▸ WHAT YOU ARE ASKED TO DO
Copy only what lies from the line containing "Hey guys, welcome to" through the line containing "Here WinCT plots" in the entries below, keeping both end lines exact and dropping every picture.

▸ PROVIDED MATERIAL
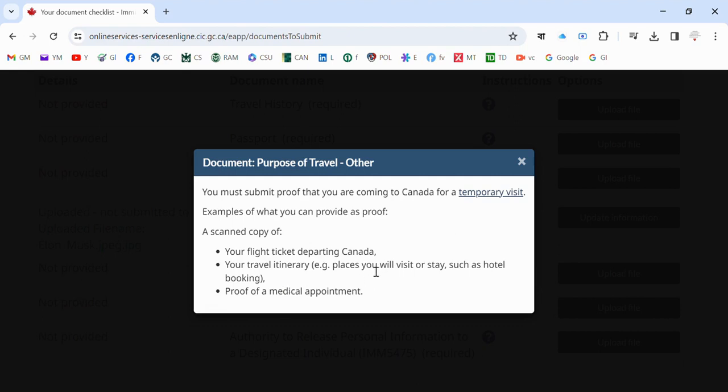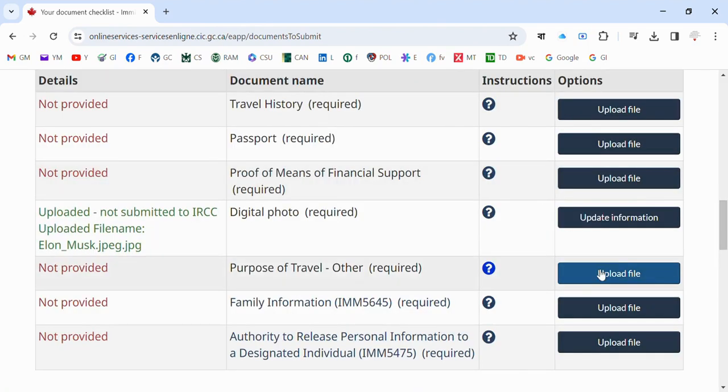Collect those things and combine them in one PDF file, then submit here. That's it. I hope you have understood how to submit the Purpose of Travel section in the IRCC portal.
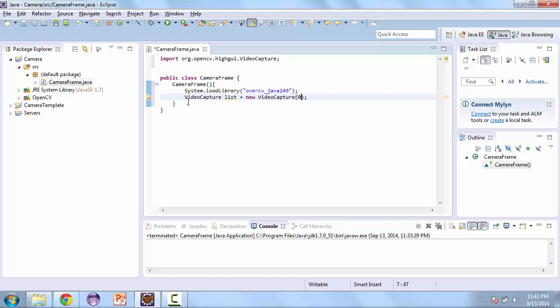In our next project, we'll start creating the camera frame and then creating the camera panel.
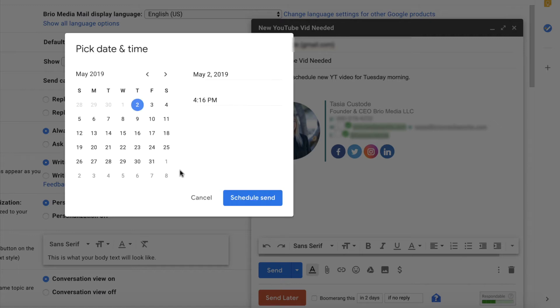If you select that, you can customize the exact date and time you want to send the email. Then just click schedule send. Voila! You've now successfully scheduled an email in Gmail.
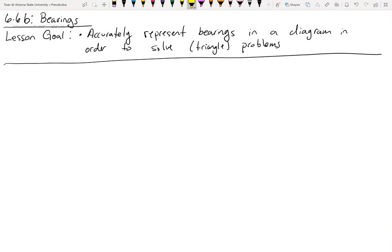The last lesson of this unit, 6.6b, will all be about these things called bearings. Our goal is to be able to represent them on a diagram, in a sketch, in a graph, in order to solve problems.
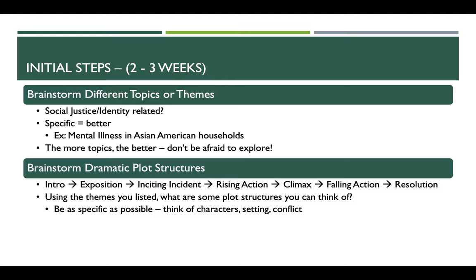Taking the topics and themes you listed in the first step, start coming up with specific plot structures — jotting down story ideas and storylines, thinking of different characters, settings, and conflicts. For example, if you want to explore mental illness within an Asian American household, you could have a daughter with depression and a father who ignores it. Does that lead to a climactic moment where the daughter tries to commit suicide or run away? And does it end with the father vowing to never ignore her mental illness again, spending more time with his daughter as the resolution? Be as specific as you can.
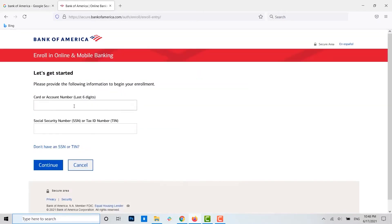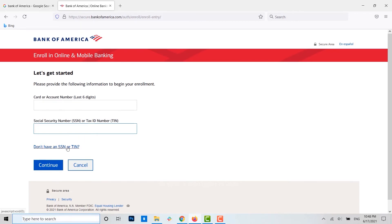To get started, first you need to provide your card or account number — the last six digits of the account number. Then in the second text field, you need to provide your Social Security Number (SSN) or Tax ID Number (TIN).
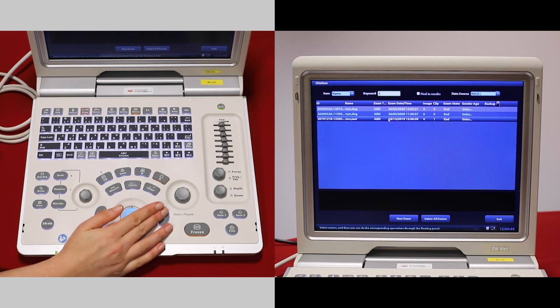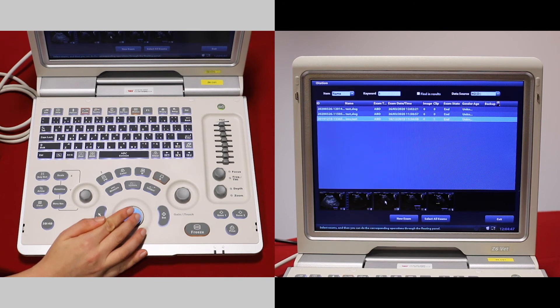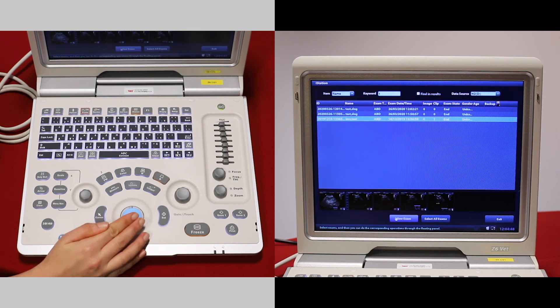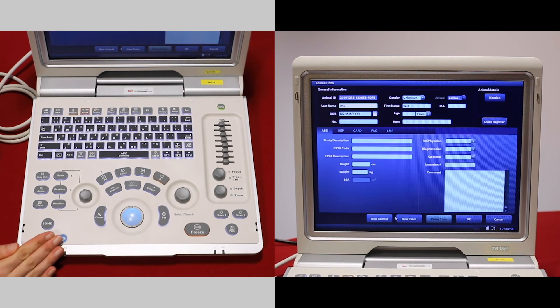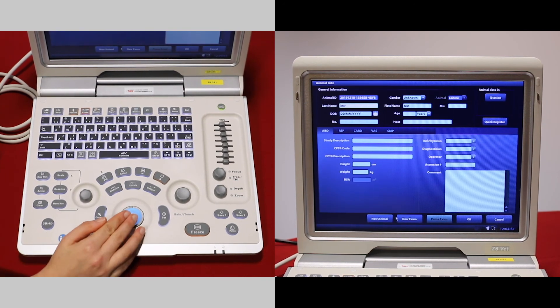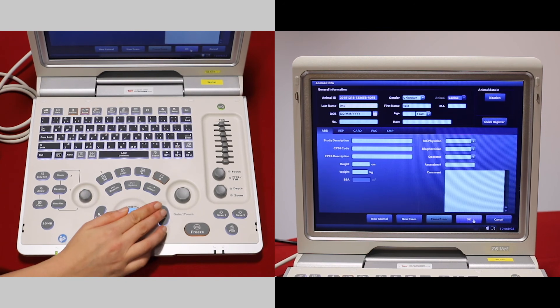If this is the patient, select it and then we can go to new exam. Make sure the details are correct and press OK.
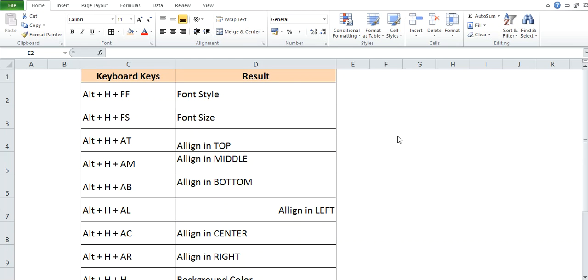Hey guys, welcome back to Excel Shortcut Fundas. Myself, Abhishek Bhatt. Today, I am going to explain some keyboard shortcut keys to change the font style, its size, to align the fonts, and to give color in the background as well as to change the color of particular font.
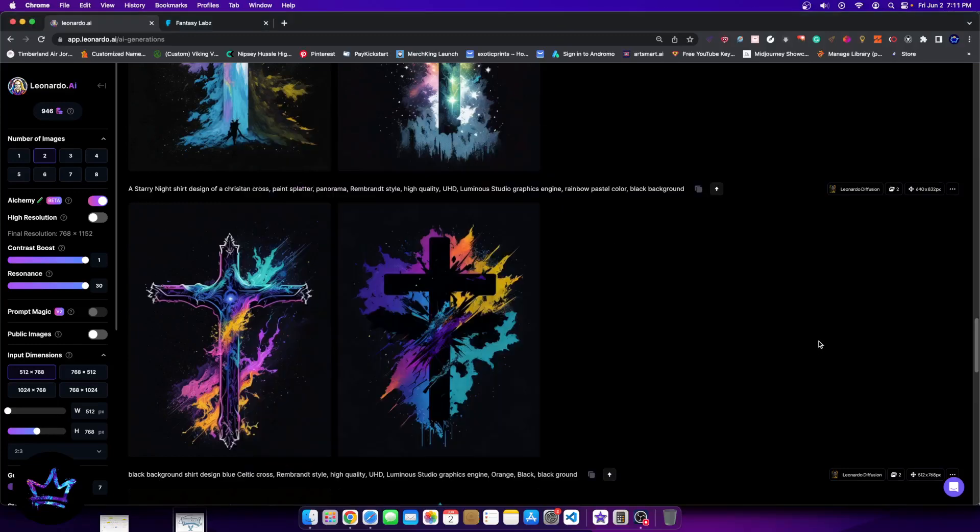Hey guys, welcome to a new video. In today's video I want to do a live demonstration of Leonardo Alchemy.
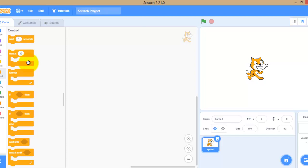By learning this Scratch programming language, it will be very helpful to students. It will be interesting and easy to learn.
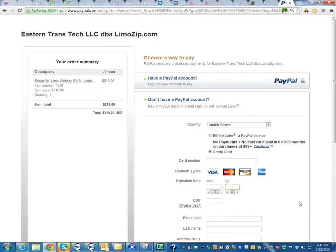This concludes this video. I hope that this has been informative. If there's any other questions that you may have, please feel free to ask me. Adam at limozip.com. Thanks a lot.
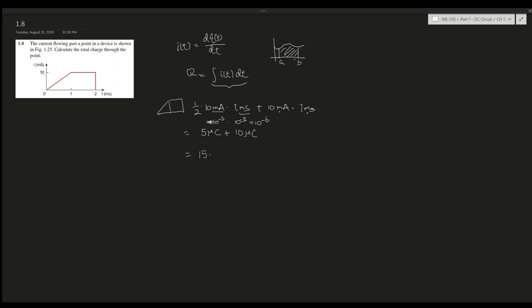Which now, just simple addition, gives you 15 micro coulombs. And this is the answer for this question. Pretty straightforward. Hope this helped, and I'll see you in my future videos. Bye.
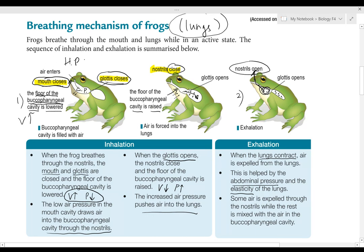To recap inhalation: the buccal pharyngeal cavity floor is raised to push air into the lung. During exhalation, the elasticity of the lungs and the abdominal pressure push the air out into the buccal pharyngeal cavity, and then it is pushed out through the nostrils.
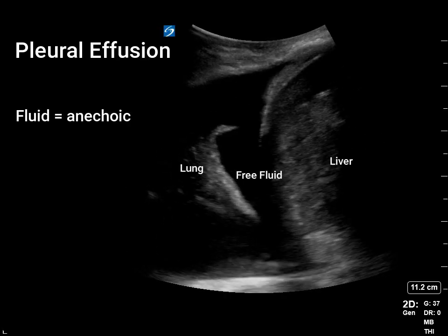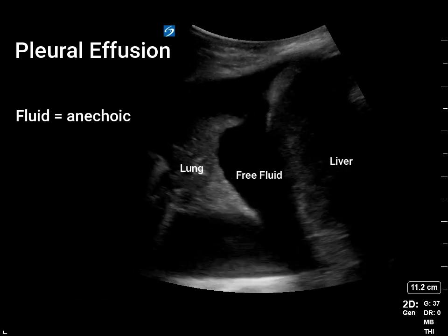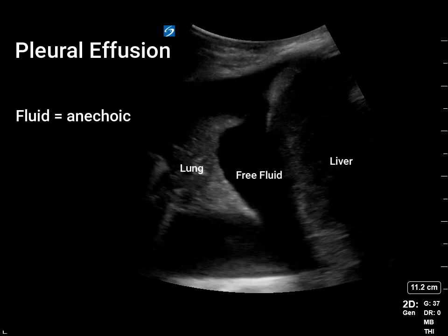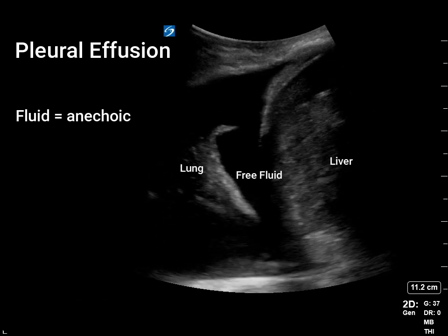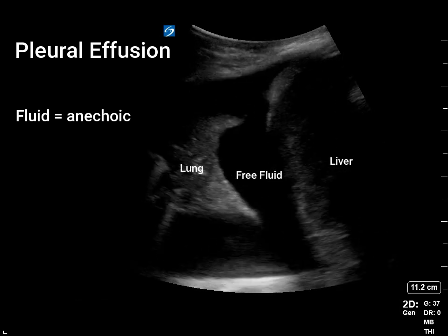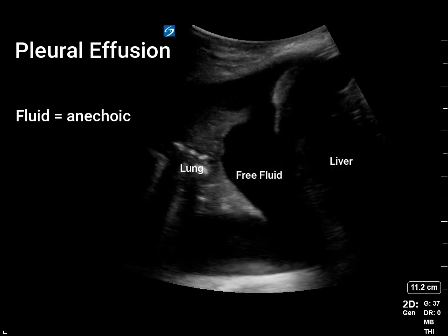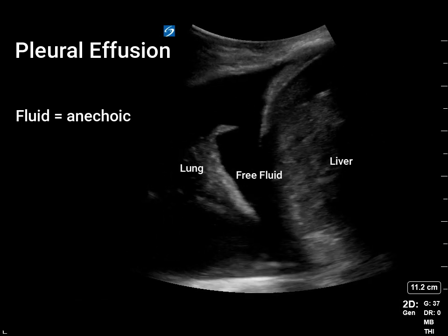In this video of the right lung, we can see anechoic free fluid in the pleural cavity. The lung appears to float in it. This patient's effusion was due to heart failure.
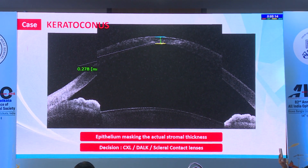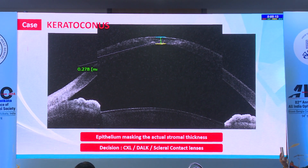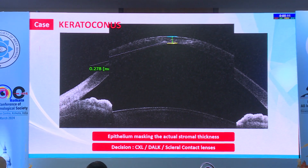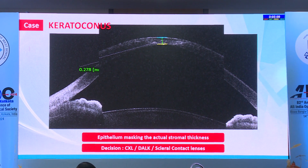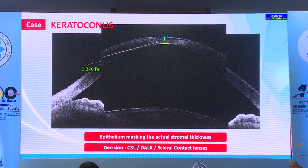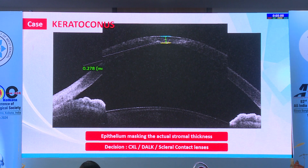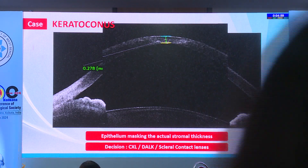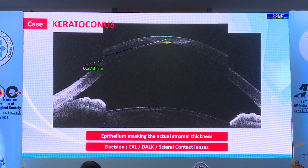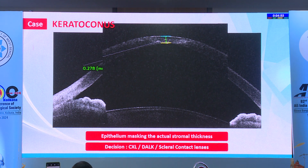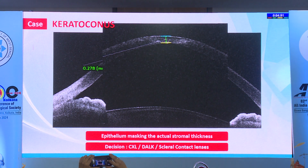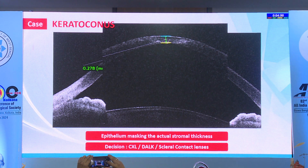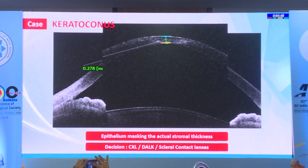This is a case of severe keratoconus, and you can see the epithelial hypertrophy in the center. On topography it gives very good thickness, but if you see on the anterior segment OCT, the stroma is actually very thin. So cross-linking won't help, and you need to decide whether this patient should be converted to a keratoplasty or continued on scleral lenses — cross-linking is definitely not the choice.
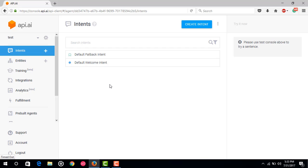What is an intent? Let's take the example of our app — it can respond to queries regarding an event. A user can ask different questions like 'when is the event', 'where is the event', or 'where can I register'. Every different question or query represents an intent. We have to make a different intent for every user query. Our api.ai agent processes the user query and checks if it matches any of the available intents.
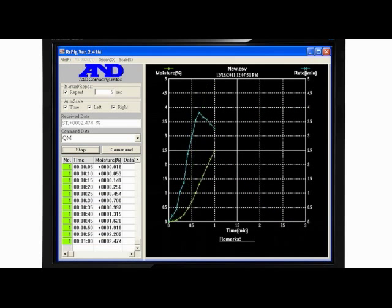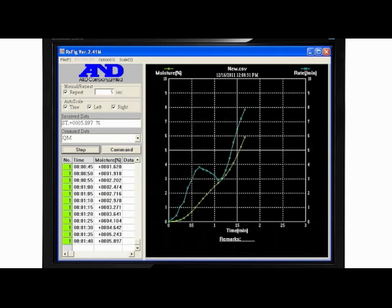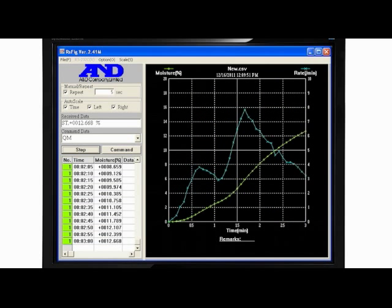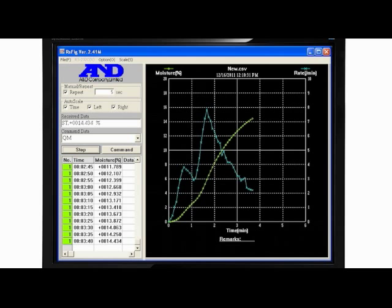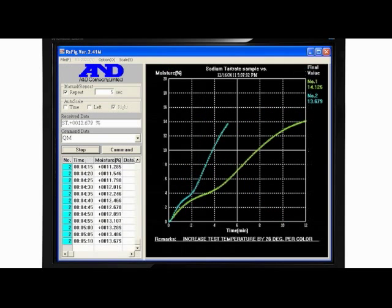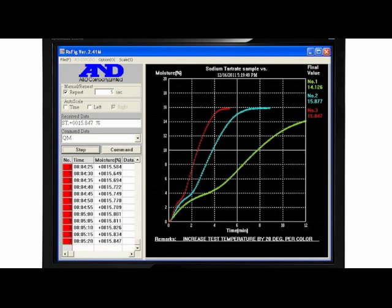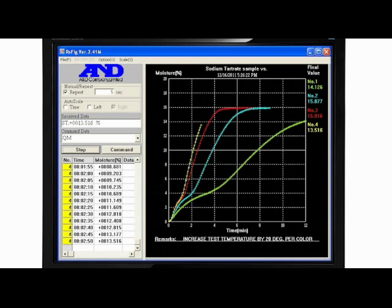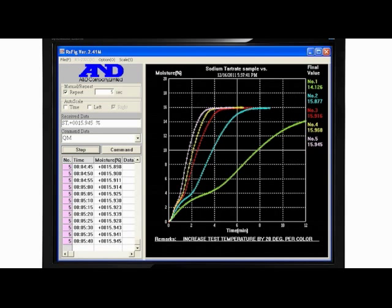Here WinCT plots moisture content as it reaches its final value and the change in moisture rate approaches zero, indicating the sample is now dry. Successive measurements at different temperatures are graphed in different colors.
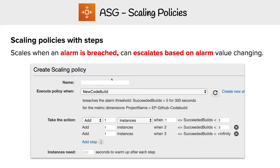Step scaling uses the same concept — you scale based on when an alarm is breached — but it can escalate based on the alarm's value as it changes over time. So instead of a single value, we could say: if the alarm value is between one and two, add one instance; when it goes between two and three, add another instance; and when it exceeds three, add another instance. It helps you grow based on that alarm as it changes.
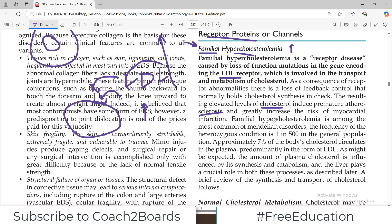Familial hypercholesterolemia is among the most common of the Mendelian disorders. The frequency of the heterozygous condition is 1 in 500 — that's a very high number in the general population. Approximately 7% of the body's cholesterol circulates in the plasma, predominantly in the form of LDL, and because it's an LDL receptor issue the cholesterol levels go high.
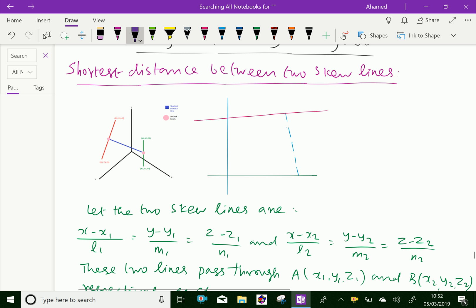Here, this is line L1, this is line L2, and this line of shortest distance is L3. The intersection of line L1 and L3 is point P, which is perpendicular, and Q is the point of intersection of line L2 and line L3, which is also perpendicular. P and Q form the line of shortest distance.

▸ RESPONSE
Hey guys, welcome to a new video. In today's video I want to do a live demonstration of Leonardo Alchemy.
By learning this Scratch programming language, it will be very helpful to students. It will be interesting and easy to learn.
This concludes this video. I hope that this has been informative. If there's any other questions that you may have, please feel free to ask me. Adam at limozip.com. Thanks a lot.
Which now, just simple addition, gives you 15 micro coulombs. And this is the answer for this question. Pretty straightforward. Hope this helped, and I'll see you in my future videos. Bye.
To recap inhalation: the buccal pharyngeal cavity floor is raised to push air into the lung. During exhalation, the elasticity of the lungs and the abdominal pressure push the air out into the buccal pharyngeal cavity, and then it is pushed out through the nostrils.
In this video of the right lung, we can see anechoic free fluid in the pleural cavity. The lung appears to float in it. This patient's effusion was due to heart failure.
This is a case of severe keratoconus, and you can see the epithelial hypertrophy in the center. On topography it gives very good thickness, but if you see on the anterior segment OCT, the stroma is actually very thin. So cross-linking won't help, and you need to decide whether this patient should be converted to a keratoplasty or continued on scleral lenses — cross-linking is definitely not the choice.
What is an intent? Let's take the example of our app — it can respond to queries regarding an event. A user can ask different questions like 'when is the event', 'where is the event', or 'where can I register'. Every different question or query represents an intent. We have to make a different intent for every user query. Our api.ai agent processes the user query and checks if it matches any of the available intents.
Here WinCT plots moisture content as it reaches its final value and the change in moisture rate approaches zero, indicating the sample is now dry. Successive measurements at different temperatures are graphed in different colors.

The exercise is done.